THE ANNUAL St. Oliver's Procession on Sunday was one of the most successful in years, with hundreds joining the colourful crowds as they walked for the first time from one side of the town to the other.
The marchers gathered at Holy Family Church in Ballsgrove at 2.30 p.m., where Fr. David Bradley had erected a banner, flags and bunting, and made their way through the town to the Mass at St.
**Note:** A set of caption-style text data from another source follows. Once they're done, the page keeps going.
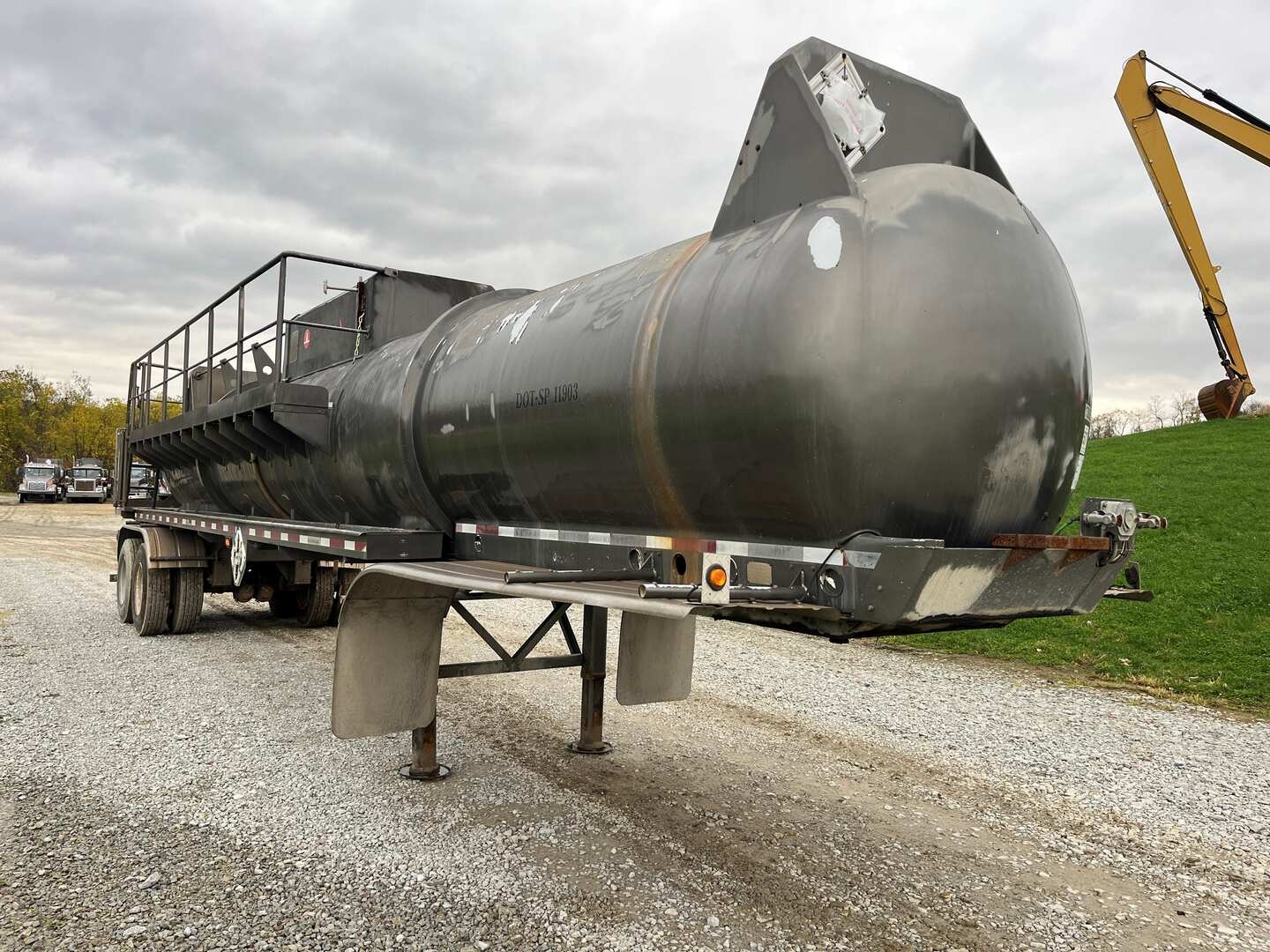 2011 COMPTANK ACID TRANSPORT TRAILER (A55745)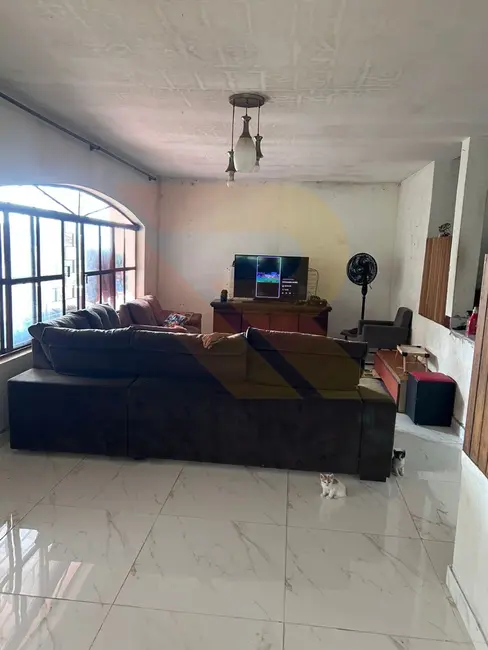 Chácara com 3 quartos à venda em Chácaras Vista Alegre, Aruja - SP - imagem 8 Foto 8 de Chácara com 3 quartos à venda em Chácaras Vista Alegre, Aruja - SP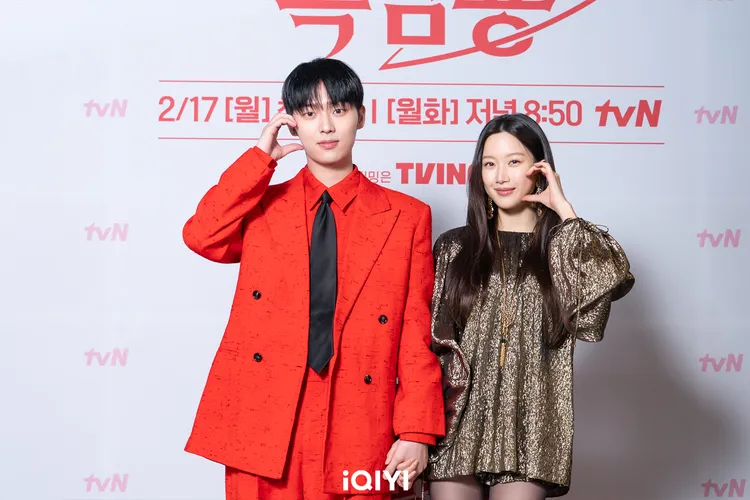 文佳煐（右）與小5歲的崔顯旭談辦公室戀情。愛奇藝國際站提供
Peter's Church, West Street.
The relics were accompanied by the Knights of Columbanus and the Knights of the Holy Sepulchre as well as members of other Orders and local Catholic organisations.
'It was a very special occasion, and well attended, possibly the best in many years,' said Michael Mulroy from the Knights of Columbanus.
'I'm sure it was a combination of the Parishioners joining us from the far side of the river, and also the beautiful weather, but to see all scouts, the councillors, the Cardinal, Bishop, and Papal Nuncio, plus all the other walkers making their way down Ballsgrove hill was a spectacular sight.'
In his homily at the annual Mass, he paid tribute to Ireland's 'long and radiant history of men and women of conscience', who preferred to suffer rather than deny what their conscience tells them is right.
'Oliver Plunkett may have been the last in the line of the Catholic martyrs at Tyburn, but he was certainly not the last in the line of courageous Irish women and men who have chosen to follow their consciences in the face of pressure and opposition,' he told the congregation.
'Saint Oliver Plunkett is revered and remembered as a patron of peace and reconciliation: peace that is the fruit of truth and reconciliation that is the fruit of Christian love.
'His boast, his only boast, was in the Cross of Our Lord Jesus Christ. May his memory be eternal.'
The 2013 procession commemorated the 93rd anniversary of the beatification of St Oliver by Pope Benedict XV on 23 May 1920, and the 38th anniversary of his canonisation by Pope Paul VI on 12 October 1975.